**Exercise brief**
This calls for a verbatim copy of all the data, with no images carried over.

Start of The records

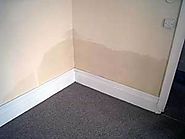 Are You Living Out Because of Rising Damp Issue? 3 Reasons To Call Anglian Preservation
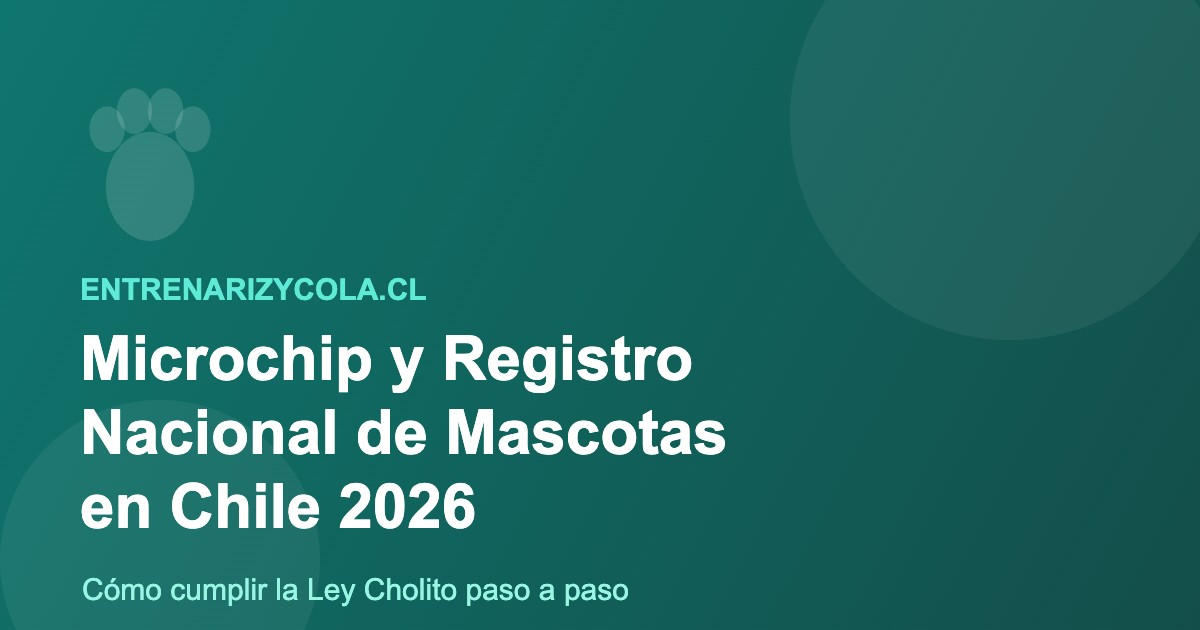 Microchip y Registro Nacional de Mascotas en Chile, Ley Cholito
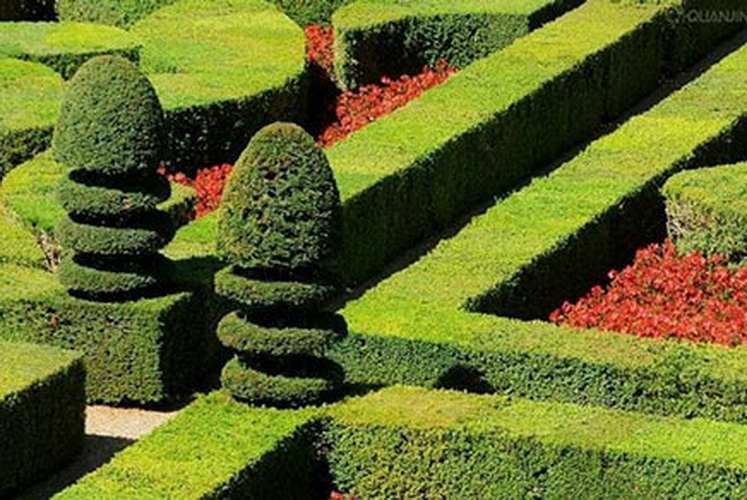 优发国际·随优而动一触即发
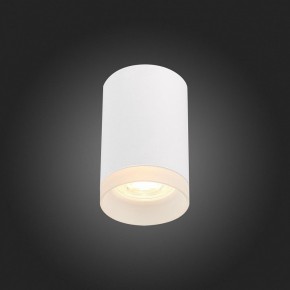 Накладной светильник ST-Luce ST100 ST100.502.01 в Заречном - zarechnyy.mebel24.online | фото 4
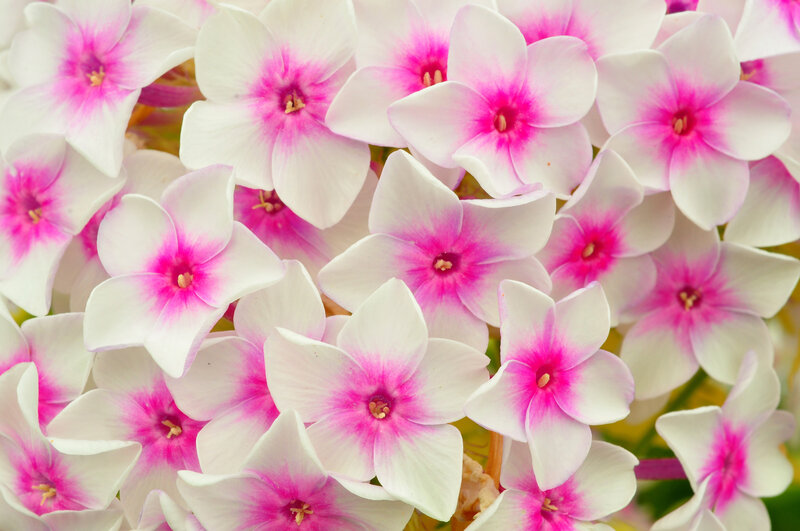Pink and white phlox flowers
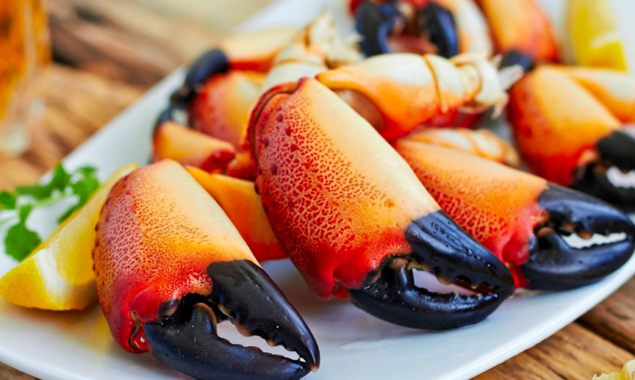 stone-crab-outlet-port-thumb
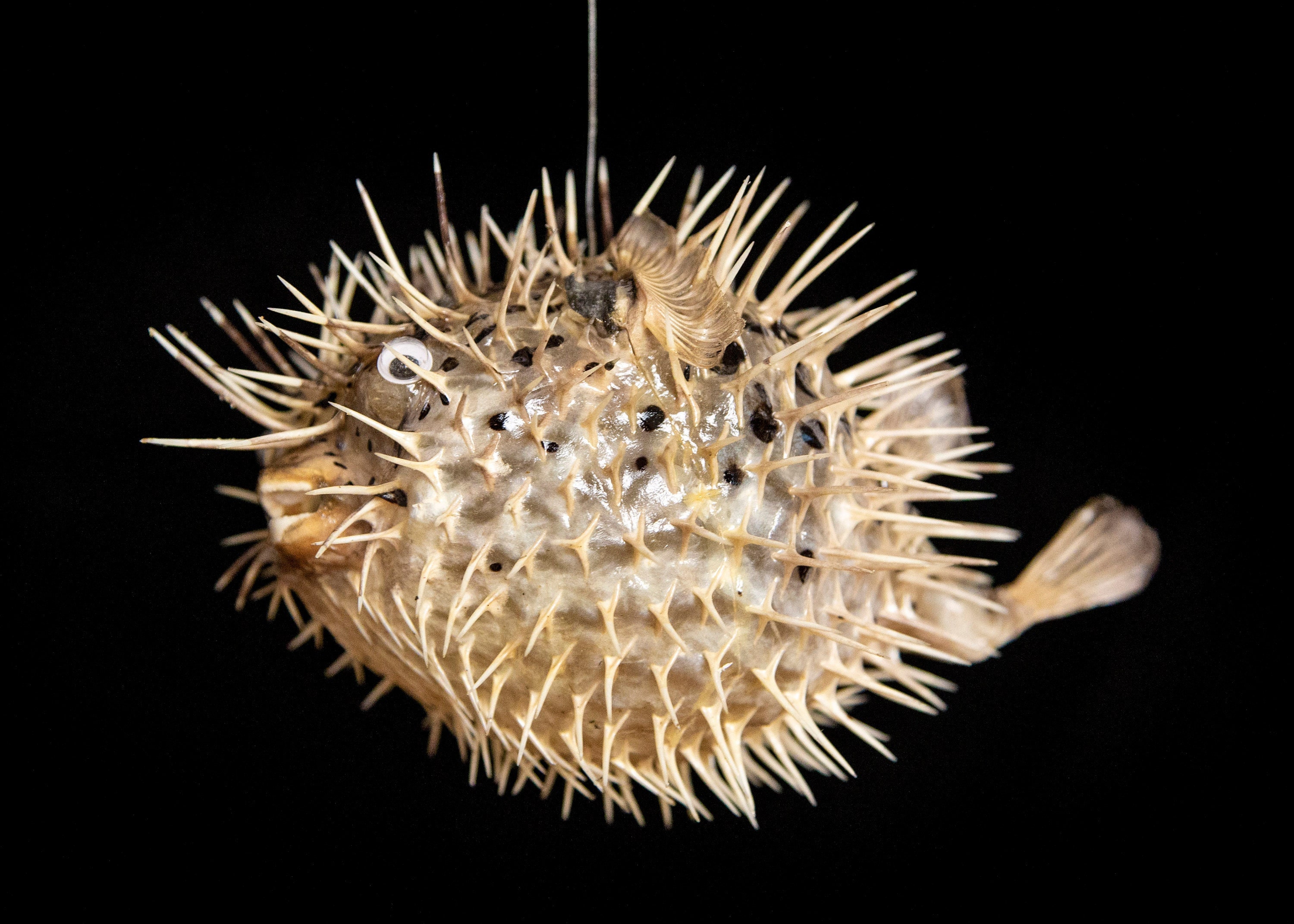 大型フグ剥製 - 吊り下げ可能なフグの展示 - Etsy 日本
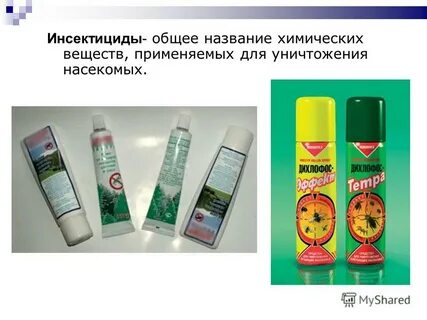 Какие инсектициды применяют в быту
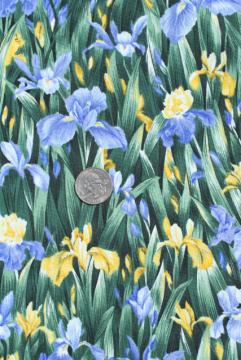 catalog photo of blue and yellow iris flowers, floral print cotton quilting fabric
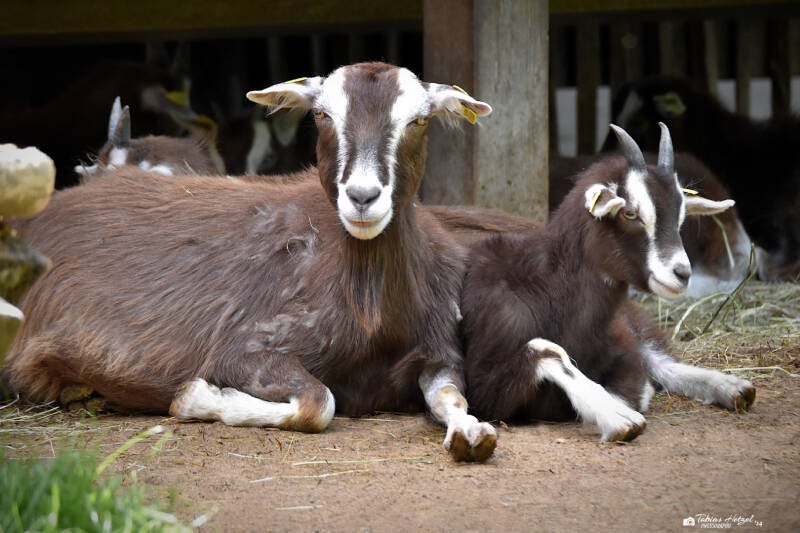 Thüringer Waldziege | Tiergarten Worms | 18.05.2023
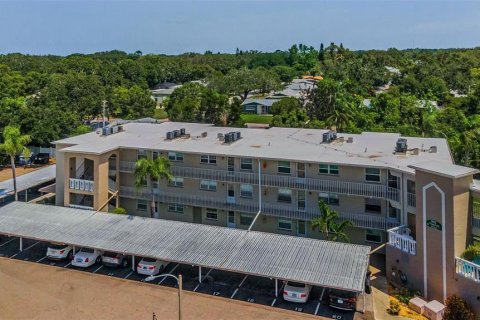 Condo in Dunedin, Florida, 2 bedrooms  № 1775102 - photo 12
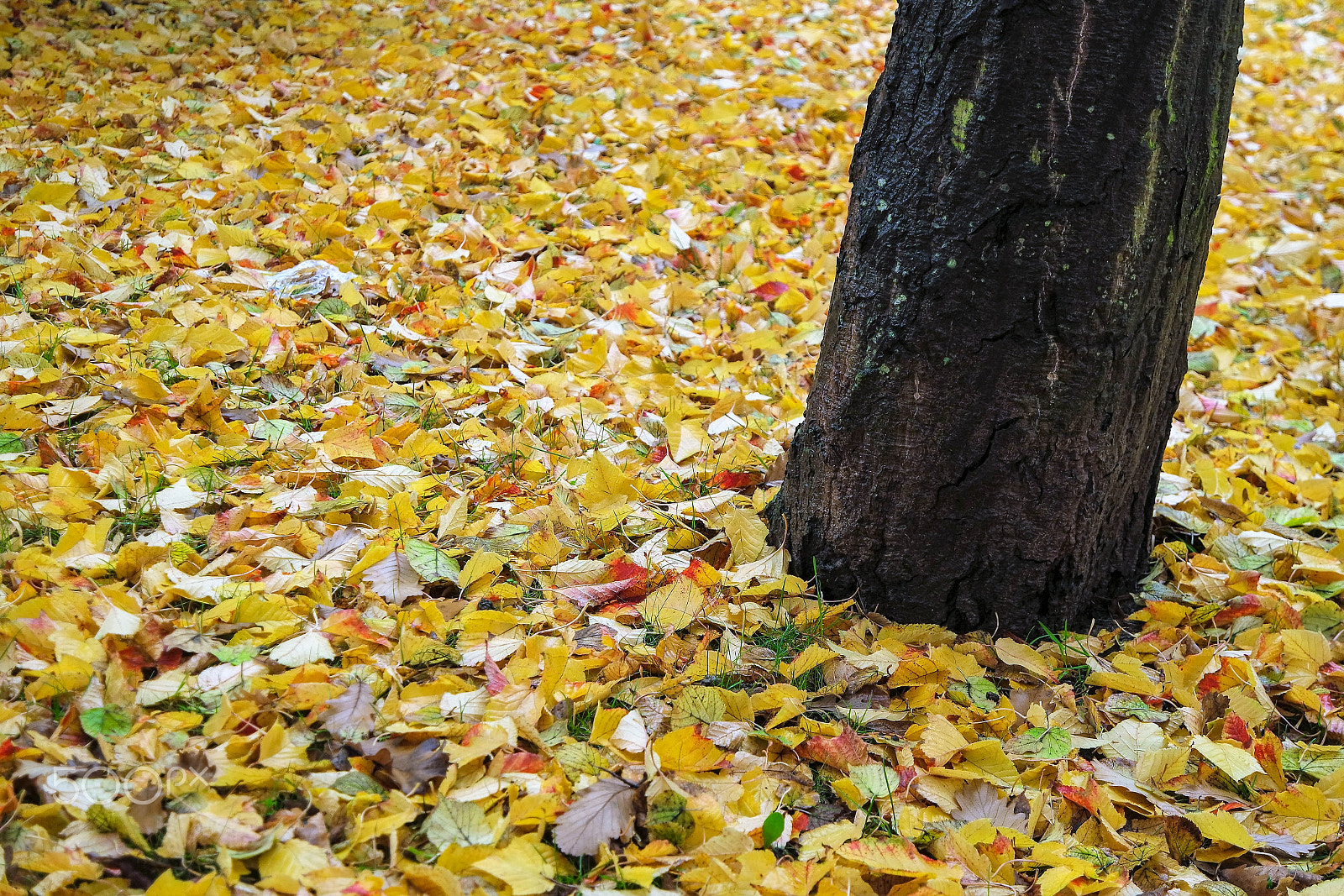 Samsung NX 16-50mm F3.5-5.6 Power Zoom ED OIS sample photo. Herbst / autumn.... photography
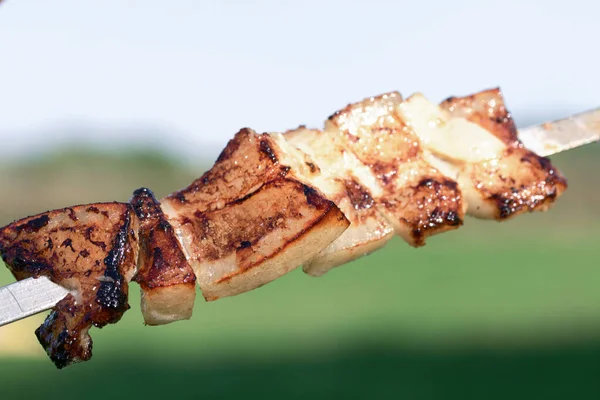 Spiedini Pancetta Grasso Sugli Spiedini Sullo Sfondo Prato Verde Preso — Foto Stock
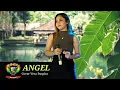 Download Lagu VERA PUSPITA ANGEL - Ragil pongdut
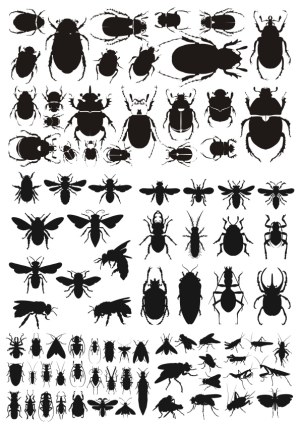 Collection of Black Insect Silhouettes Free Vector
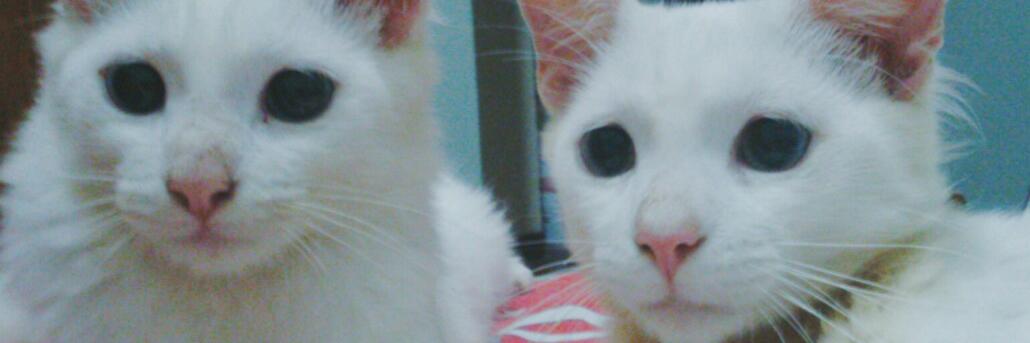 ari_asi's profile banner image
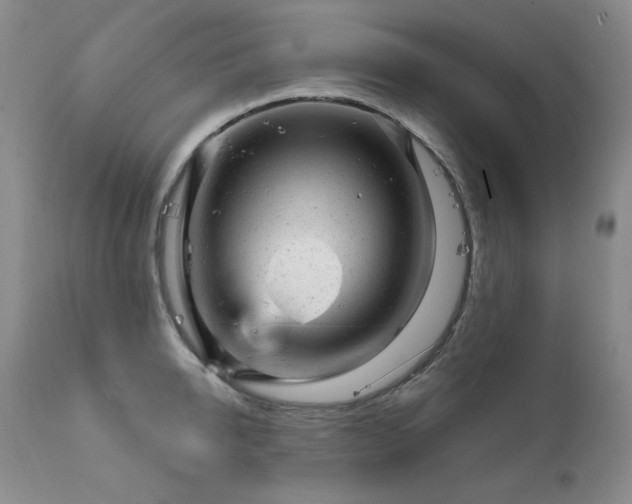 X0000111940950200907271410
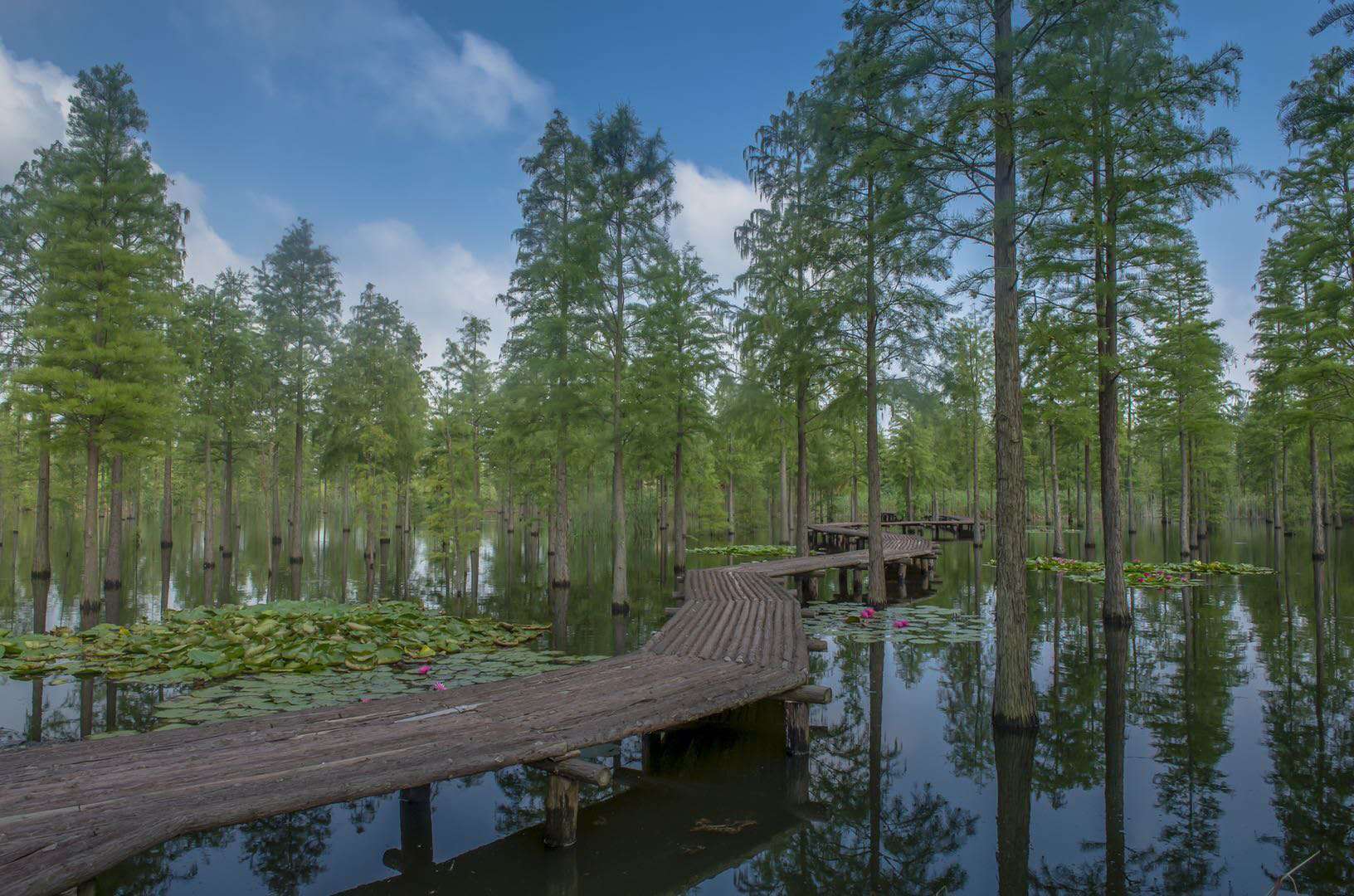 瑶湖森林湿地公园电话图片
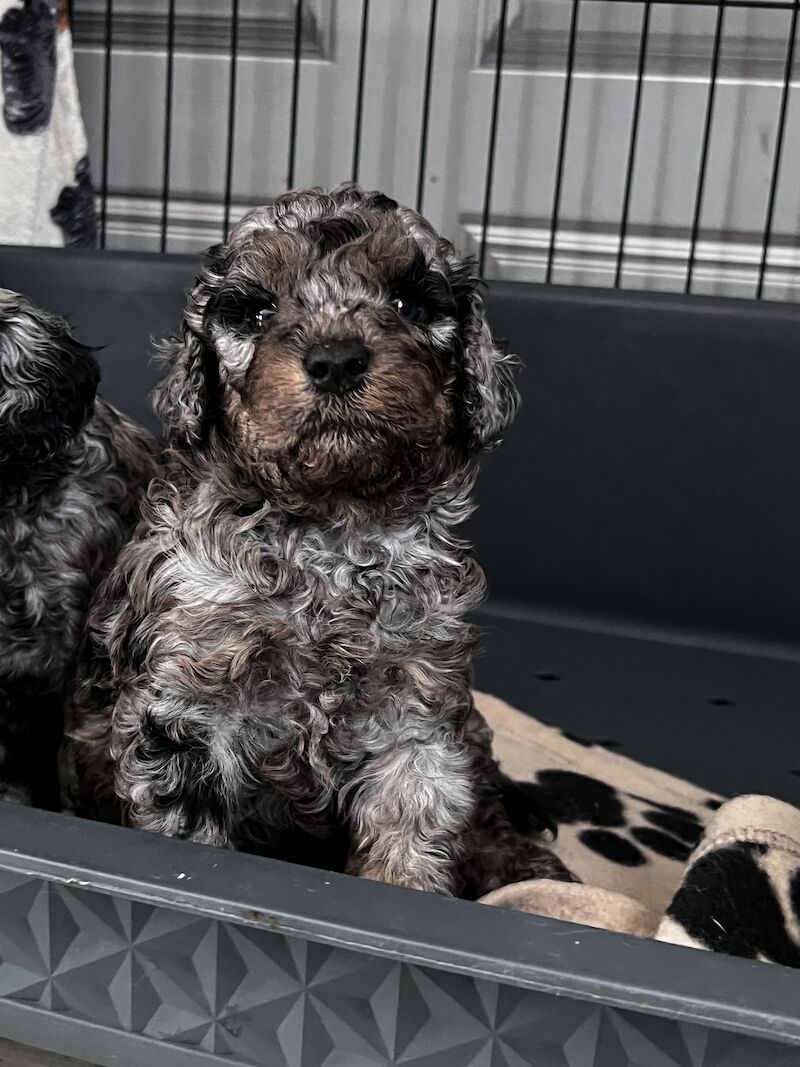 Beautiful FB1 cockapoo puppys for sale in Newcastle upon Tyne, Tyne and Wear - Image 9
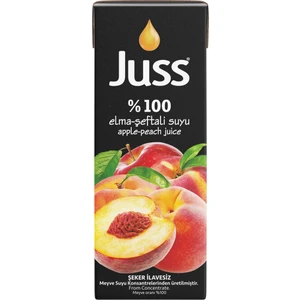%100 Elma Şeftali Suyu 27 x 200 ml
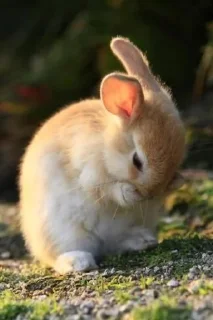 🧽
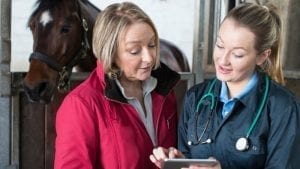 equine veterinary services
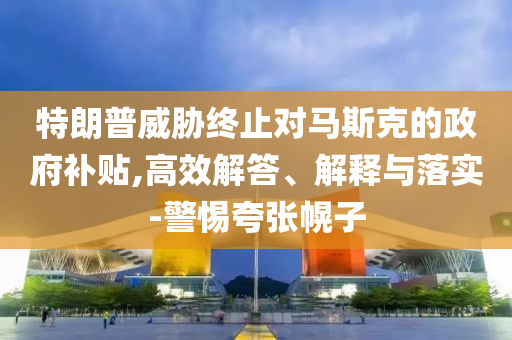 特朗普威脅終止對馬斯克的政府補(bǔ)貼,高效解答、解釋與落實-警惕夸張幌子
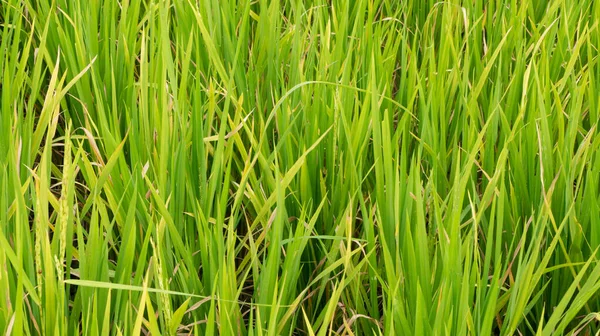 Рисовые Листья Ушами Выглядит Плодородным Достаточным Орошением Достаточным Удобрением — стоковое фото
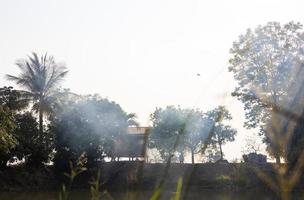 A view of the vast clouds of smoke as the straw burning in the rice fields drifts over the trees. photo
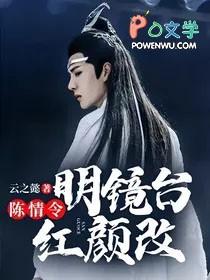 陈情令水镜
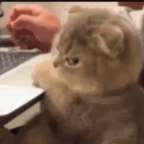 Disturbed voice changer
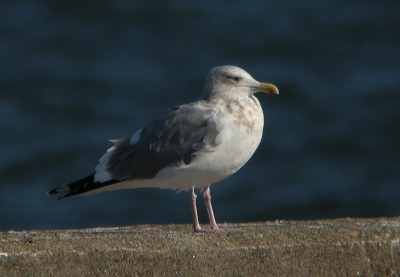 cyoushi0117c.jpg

End of The records

**Output below**
 Are You Living Out Because of Rising Damp Issue? 3 Reasons To Call Anglian Preservation
 Microchip y Registro Nacional de Mascotas en Chile, Ley Cholito
 优发国际·随优而动一触即发
 Накладной светильник ST-Luce ST100 ST100.502.01 в Заречном - zarechnyy.mebel24.online | фото 4
Pink and white phlox flowers
 stone-crab-outlet-port-thumb
 大型フグ剥製 - 吊り下げ可能なフグの展示 - Etsy 日本
 Какие инсектициды применяют в быту
 catalog photo of blue and yellow iris flowers, floral print cotton quilting fabric
 Thüringer Waldziege | Tiergarten Worms | 18.05.2023
 Condo in Dunedin, Florida, 2 bedrooms  № 1775102 - photo 12
 Samsung NX 16-50mm F3.5-5.6 Power Zoom ED OIS sample photo. Herbst / autumn.... photography
 Spiedini Pancetta Grasso Sugli Spiedini Sullo Sfondo Prato Verde Preso — Foto Stock
 Download Lagu VERA PUSPITA ANGEL - Ragil pongdut
 Collection of Black Insect Silhouettes Free Vector
 ari_asi's profile banner image
 X0000111940950200907271410
 瑶湖森林湿地公园电话图片
 Beautiful FB1 cockapoo puppys for sale in Newcastle upon Tyne, Tyne and Wear - Image 9
%100 Elma Şeftali Suyu 27 x 200 ml
 🧽
 equine veterinary services
 特朗普威脅終止對馬斯克的政府補(bǔ)貼,高效解答、解釋與落實-警惕夸張幌子
 Рисовые Листья Ушами Выглядит Плодородным Достаточным Орошением Достаточным Удобрением — стоковое фото
 A view of the vast clouds of smoke as the straw burning in the rice fields drifts over the trees. photo
 陈情令水镜
 Disturbed voice changer
 cyoushi0117c.jpg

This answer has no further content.